I’ve just returned from the UK where I had been invited to participate in the CSCLeaders conference. CSC is an annual global conference that brings together about 100 leaders from across the Commonwealth. The conference is run in partnership between Common Purpose and HRH The Duke of Edinburgh’s Commonwealth Study Conference which began in 1956.
Aside from being a great privilege to participate, the conference was very much PBL for leaders. Here were 100 culturally diverse leaders from all sectors including government, military, police, education, banking and finance, not for profits, religious groups, activists and the arts coming together to tackle a global challenge. This year, the challenge set for participants was how do you get disparate communities spread across the world to become bridge makers in the global networks of the future?
The conference spanned eight days and was structured in three parts. The first three days we had input from prominent speakers on the political, social, economic, cultural and environmental challenges of the 21st century. This was followed by discussion within our groups. The next three days included site visits to one of five cities in the UK which contextualised the challenge by giving us an opportunity to see how local communities were tackling the challenge of becoming ‘bridge-makers’. Groups were able to then meet with local community, educational, business and faith leaders. I was fortunate to have spent my study tour in the London borough of Tower Hamlets because Hargreaves and Shirley include it in their book The Fourth Way as a turned-around district for its schools.
Tower Hamlets is one of the most culturally diverse boroughs of London and a stone’s throw away from the financial and media district of Canary Wharf. There is a huge population of Bangladeshi migrants – the largest community in the UK. It also has the highest rate of child poverty in London but as Hargreaves and Shirley state the schools in TH were able to dramatically turn around in a decade from one of the worst performing to performing above the national average. The reason for this dramatic turnaround was the community coming together to create and build new capacity.
According to Hargreaves and Shirley, the schools improved because services were integrated, school leaders were visionary; they were able to attract high performing teachers who stayed and positive partnerships have been developed between schools, business, community and religious organisations. The Tower Hamlets schools became responsible for each other by setting their own ambitious targets for students. One of the directors quoted in the Fourth Way said “poverty is not an excuse for poor outcomes.”
I spoke to the Mayor of Tower Hamlets, Lutfur Rahman and the head teacher at Swanlea School, Brenda Landers. Swanlea has 1000 students enrolled and was judged by OFSTED to be ‘outstanding in all areas’. Brenda attributes the school’s success to a sharp focus on the data and an investment in building the capacity of teachers.
The final three days were spent in Oxford where groups shared their reflections of the study tours.

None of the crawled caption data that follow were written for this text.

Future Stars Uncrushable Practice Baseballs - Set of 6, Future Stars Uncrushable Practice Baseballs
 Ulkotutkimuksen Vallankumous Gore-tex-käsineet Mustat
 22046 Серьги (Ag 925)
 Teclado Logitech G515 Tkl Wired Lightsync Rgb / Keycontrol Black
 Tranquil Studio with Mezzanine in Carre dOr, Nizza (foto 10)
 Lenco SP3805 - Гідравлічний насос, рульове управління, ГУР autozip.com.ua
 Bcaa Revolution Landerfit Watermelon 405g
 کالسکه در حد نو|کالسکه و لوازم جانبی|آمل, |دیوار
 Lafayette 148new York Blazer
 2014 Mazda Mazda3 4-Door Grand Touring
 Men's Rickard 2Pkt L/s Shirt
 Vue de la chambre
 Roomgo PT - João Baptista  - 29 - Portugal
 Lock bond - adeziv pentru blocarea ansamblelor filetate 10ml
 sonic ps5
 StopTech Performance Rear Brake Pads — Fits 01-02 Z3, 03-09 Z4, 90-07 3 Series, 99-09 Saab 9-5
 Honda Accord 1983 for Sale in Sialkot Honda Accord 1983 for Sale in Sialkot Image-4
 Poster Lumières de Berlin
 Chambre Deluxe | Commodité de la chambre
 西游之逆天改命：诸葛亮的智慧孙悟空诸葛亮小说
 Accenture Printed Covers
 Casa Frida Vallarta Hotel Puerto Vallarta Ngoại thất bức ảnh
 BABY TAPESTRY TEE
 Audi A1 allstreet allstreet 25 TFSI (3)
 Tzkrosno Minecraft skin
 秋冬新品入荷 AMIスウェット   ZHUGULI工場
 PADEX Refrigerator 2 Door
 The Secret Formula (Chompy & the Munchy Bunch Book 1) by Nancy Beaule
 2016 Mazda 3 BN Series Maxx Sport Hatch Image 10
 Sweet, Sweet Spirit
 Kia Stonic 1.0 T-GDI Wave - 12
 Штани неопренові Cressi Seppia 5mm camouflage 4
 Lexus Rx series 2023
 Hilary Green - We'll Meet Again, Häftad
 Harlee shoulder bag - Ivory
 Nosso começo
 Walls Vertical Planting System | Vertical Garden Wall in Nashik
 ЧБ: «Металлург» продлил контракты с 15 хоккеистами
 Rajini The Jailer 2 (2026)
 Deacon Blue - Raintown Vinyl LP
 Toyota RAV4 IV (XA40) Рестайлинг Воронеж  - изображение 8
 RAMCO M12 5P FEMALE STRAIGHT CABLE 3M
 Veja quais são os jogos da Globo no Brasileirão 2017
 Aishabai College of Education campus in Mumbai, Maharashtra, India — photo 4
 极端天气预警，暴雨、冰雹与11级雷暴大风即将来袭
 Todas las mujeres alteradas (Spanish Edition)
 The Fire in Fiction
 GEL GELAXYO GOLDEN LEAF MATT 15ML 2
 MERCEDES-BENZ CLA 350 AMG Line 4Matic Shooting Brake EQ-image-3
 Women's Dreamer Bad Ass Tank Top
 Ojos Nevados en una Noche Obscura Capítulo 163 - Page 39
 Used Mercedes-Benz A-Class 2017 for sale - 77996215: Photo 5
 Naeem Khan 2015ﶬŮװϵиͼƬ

We synthesized ideas and data then tried to identify innovative practices that the Commonwealth nations might adopt to build leadership capacity at local and global level. We also reflected on how we could collectively try and tackle some of these 21st century challenges.
A major element of the conference was networking opportunities which included lunch and dinner engagements with HRH The Duke of Edinburgh and HRH Princess Royal and business leaders. These networks aside from creating the opportunity to bring more people into an ever expanding network of critical thinkers, problem-solvers and exceptional leaders will hopefully sustain the work in years to come. The next part of the conference takes us to Mumbai or Johannesburg in June where we get to explore the challenge in the context of a vastly different city.
In reflecting on this experience, two important things struck me that were neither obvious or explicitly stated. The first is that CSCLeaders brings together culturally diverse people who share a common purpose of leading organisations into the 21st century. Despite the diversity, there are common threads uniting us all. These threads include a passion for the work we do, a drive to seek new ways and solutions to challenges and the recognition that in this century you cannot do this alone, interdependence demands collaboration at every level.
The second is that depending on which nation of the Commonwealth you were born in, your perception of the world is vastly different. Members from developing nations are looking for the recognition that they have something valuable to contribute. They do not seek “a leg up” but want to be active citizens in building better societies.
The above made me think about how we go about the work we are doing with our school communities here in Parramatta and raised so many questions for me. Have we have tapped into the rich diversity of our school communities and started from where they are rather then where they should be? Are we stifling innovation or failing to nurture it? What are the new models we need to explore to build leaders capacities and so on.
This conference taught me many things but key was the value of multiple data sets and the evidence it draws as well as the critical need to interrogate the data from several different points of view. Listening to other leaders and hearing what the data and evidence says to them was a real eye-opener and often altered my own understanding.
For me the most important message I can share is that no matter your experience or expertise base, there is always something to learn. Living in a global village demands that I need to be a life-long learner as well.